One of the most effective ways of eliminating these constraints is by changing things at leadership levels, and the G20 EMPOWER Alliance, which brings together private sector leaders and government counterparts to jointly advocate for and enact women’s advancement to leadership positions in the private sector, is working to implement this change by ensuring women having equal access to necessary financing, capital, skills development and training, leadership, and market opportunities.
Women’s underrepresentation in leadership limits the presence of female voices in important decisions, and deprives girls and young women of strong role models. While far from the only cause, women’s underrepresentation in leadership also contributes to related inequalities, such as the gender pay gap and gender differences in wealth and economic security.
Tackling gender inequalities in leadership can help tackle gender inequalities elsewhere, as there is ample evidence that diverse and inclusive companies are likely to make better, and bolder decisions. Also, as explained by McKinsey during the 1st Plenary of G20 EMPOWER, if all countries matched their best-in-region country in progress towards gender parity, 12 USD Trillion could be added to the world GDP in 2025.
This is why the business leaders from the G20 and guest countries, working hand in hand with governments as part the G20 EMPOWER Alliance, have decided – under the 2021 Italian Presidency – to accelerate this front by taking ambitious stands on the topic of measurement.
G20 EMPOWER will release its final recommendations to G20 Heads of States in the coming months; but its community of business leaders across 28 countries is already taking action to progress on measurement, without which gender inequalities in women’s economic representation and in leadership positions can’t be tracked or addressed.
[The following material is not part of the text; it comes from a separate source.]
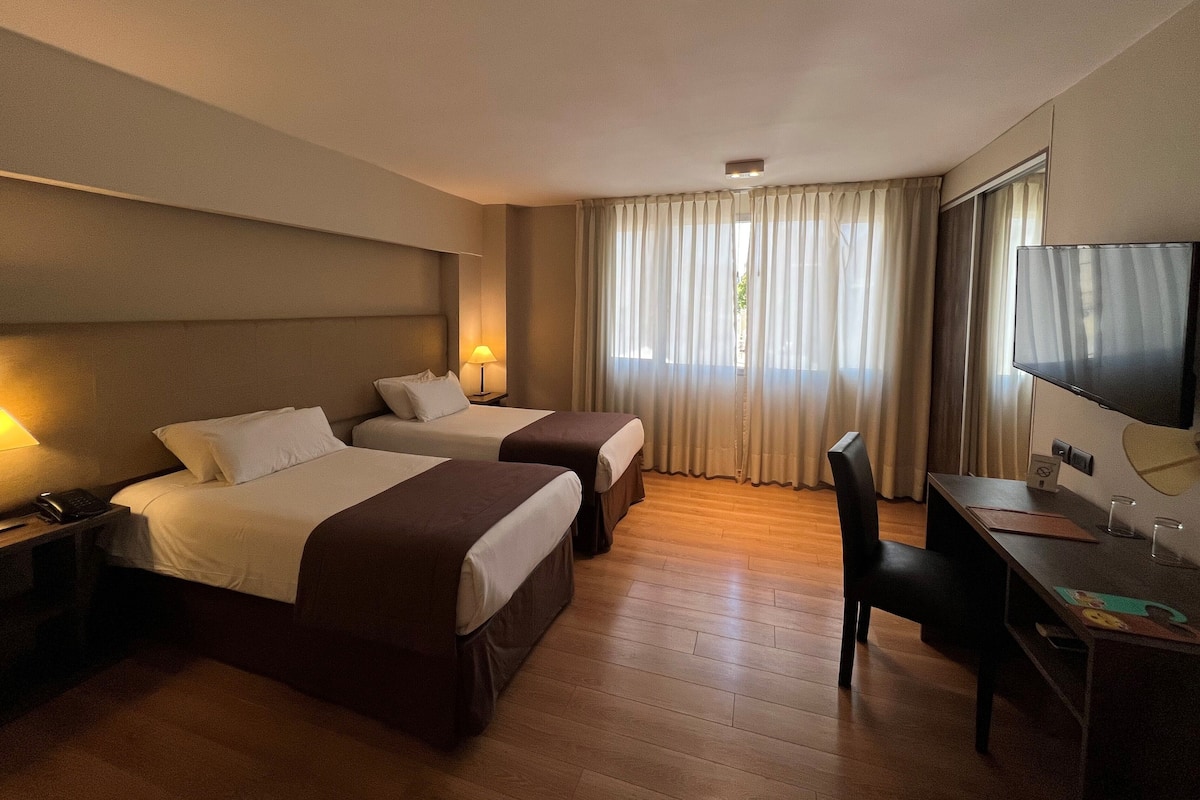 A hotel room with two beds, a desk, a chair, a TV, and a window with curtains.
In the meantime, here are three important measurement actions that the private sector can encompass to accelerate female advancement around the world:
- Establishing and Tracking Clear Metrics: Establishing and tracking clear metrics at the basis of any discussion on women in leadership is critical. Companies need to set clear, quantifiable diversity goals, measure their progress over time, and foster transparency by reporting their progress publicly. Perhaps most important, these organizations should implement the use of KPIs to hold leaders accountable for results. Companies can use these measurements to refine their approach, building on successes and rethinking initiatives that don’t lead to quantifiable results.
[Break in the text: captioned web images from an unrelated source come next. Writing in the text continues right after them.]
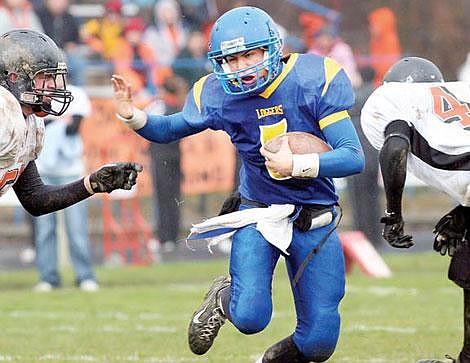 Libby sophomore quarterback Joel Fuller heads upfield on a keeper during first-half action Saturday in Libby&#146;s Class A football quarterfinal win over Hardin. Fuller was 14-for-20 for 271 yards and two touchdowns. The Loggers won, 33-13. Photo courtesy Paul Sievers/The Western News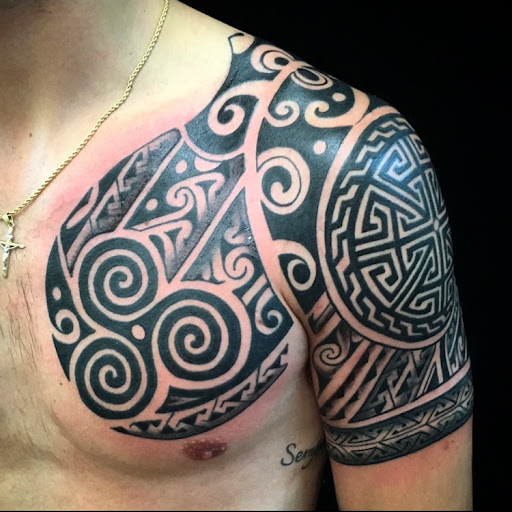 Explore chest tattoo ideas woman, creative tattoo ideas in Strasburg, available at Champion Tattoo Company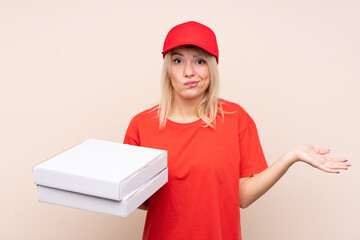 Pizza delivery Russian woman holding a pizza over isolated wall making doubts gesture while lifting the shoulders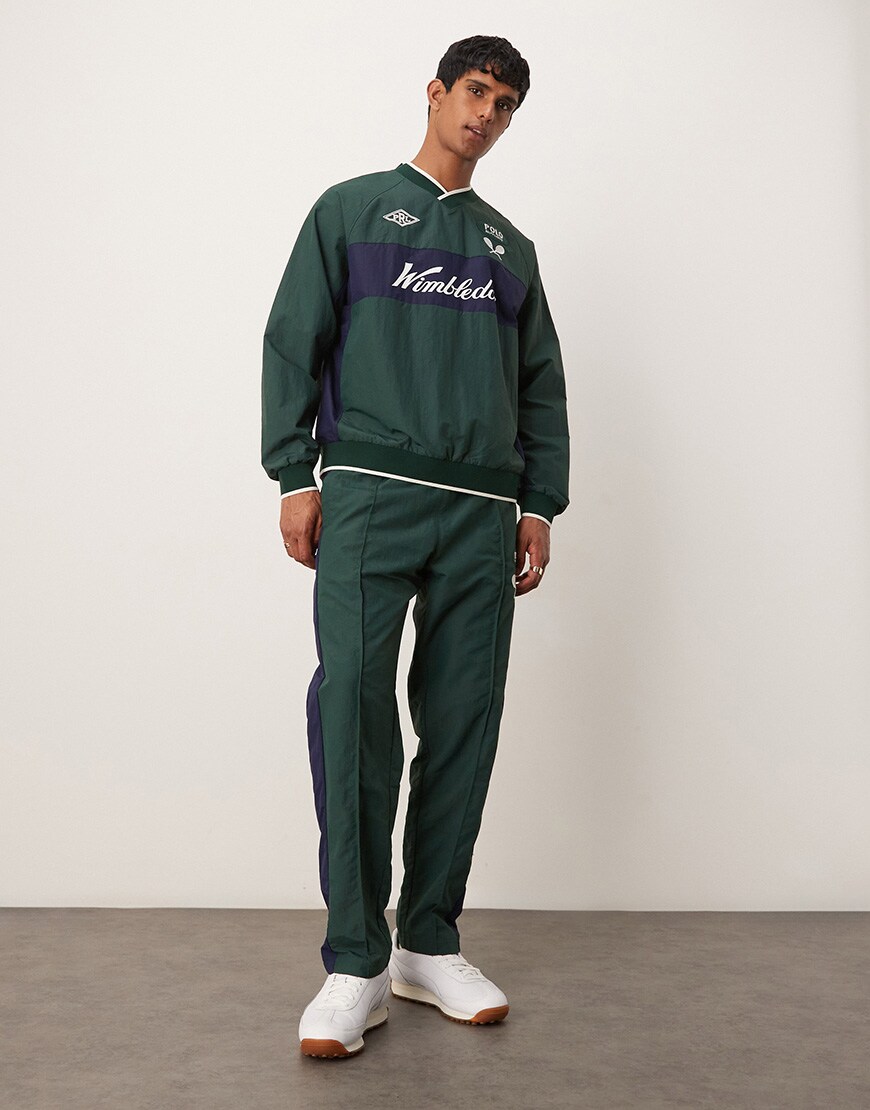 A model wearing a green Wimbledon tracksuit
- Measuring the Implementation of Diverse and Gender Equality Programs: The importance of measuring comes from the fact that many programs to address gender inequalities are in place, but since their implementation and results are not measured, they are not as effective as they should be. Companies cannot simply launch programs and expect results. Instead, they need a strong focus on implementation, just as they would for any other business priority. Specifically, the success of each of these initiatives requires leadership commitment, a tailored approach that is based on the unique needs of the organization, and metrics for gauging progress.
- Measurement Expansion: Measurement needs to go beyond the usual indicator of women on boards, and encompass executive positions, share of promotions and workforce inclusion, the advancement of women in technical roles, and the gender pay gap. Companies need to make sure they also have metrics in place to measuring pay, recruitment, retention, advancement, and representation, as these will also help organizations assess where they are today and where they need to change. Governments could also support such efforts by incentivizing companies that measure and progress these indicators, supporting them to accelerate the advancement of women as business leaders in the private sector.
I encourage all companies, starting from today, to make measurement a true business priority. While many have made notable progress, we have yet to see material gains in momentum. Companies need to proactively own their diversity agenda and manage it like a true business priority. They need to relentlessly measure both hard and soft metrics and set clear and ambitious targets, design interventions to achieve those goals, and build on their successes to generate greater momentum.